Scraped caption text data
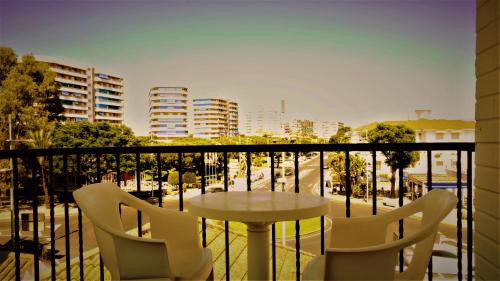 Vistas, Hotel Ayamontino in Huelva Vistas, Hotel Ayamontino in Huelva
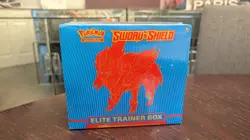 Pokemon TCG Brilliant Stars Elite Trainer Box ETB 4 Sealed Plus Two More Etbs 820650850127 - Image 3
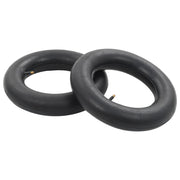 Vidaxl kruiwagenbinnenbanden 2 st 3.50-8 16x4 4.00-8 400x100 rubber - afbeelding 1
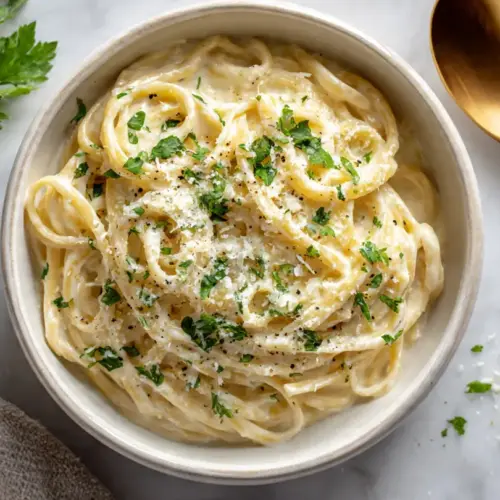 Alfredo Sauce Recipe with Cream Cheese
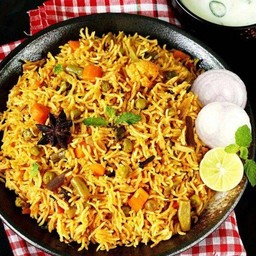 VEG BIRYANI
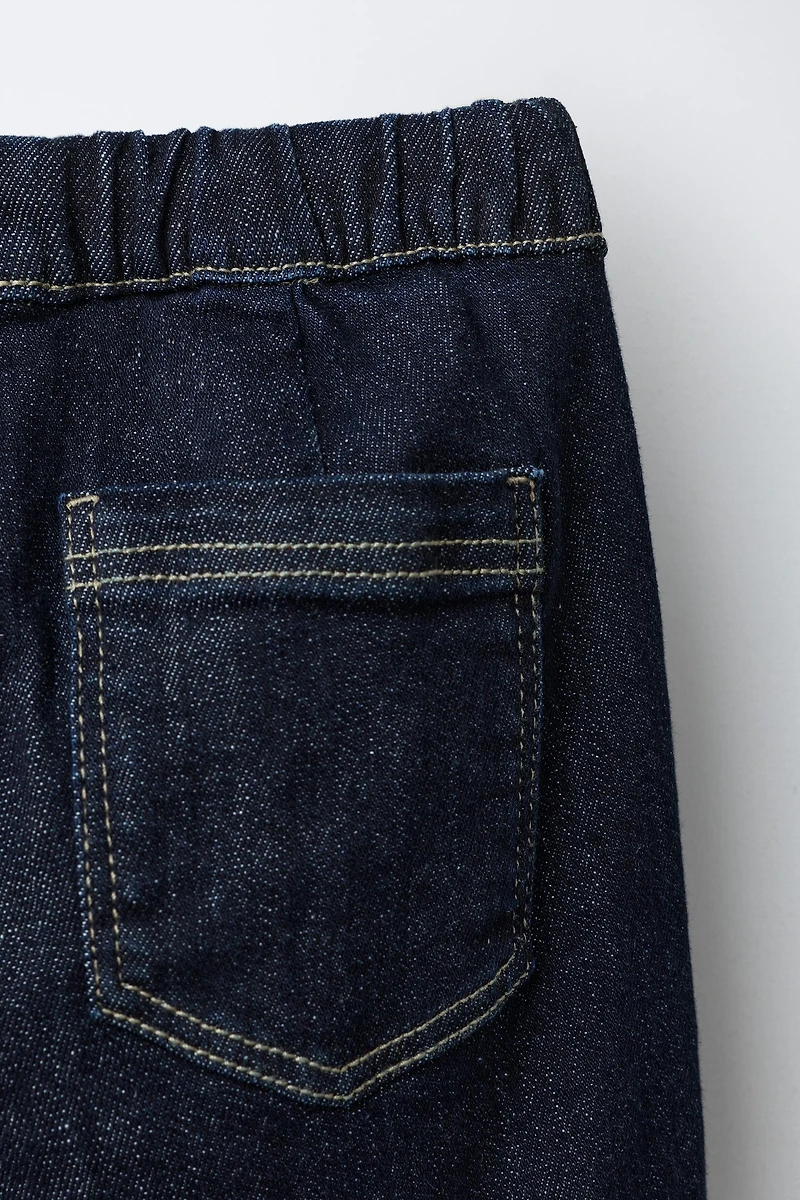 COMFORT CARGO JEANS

ACTION ITEM: Please reproduce the lines exactly from the one containing "Vidaxl kruiwagenbinnenbanden 2" through the last line of the data above, and keep the pictures out.

OUTPUT FOR THIS TASK:
 Vidaxl kruiwagenbinnenbanden 2 st 3.50-8 16x4 4.00-8 400x100 rubber - afbeelding 1
 Alfredo Sauce Recipe with Cream Cheese
 VEG BIRYANI
 COMFORT CARGO JEANS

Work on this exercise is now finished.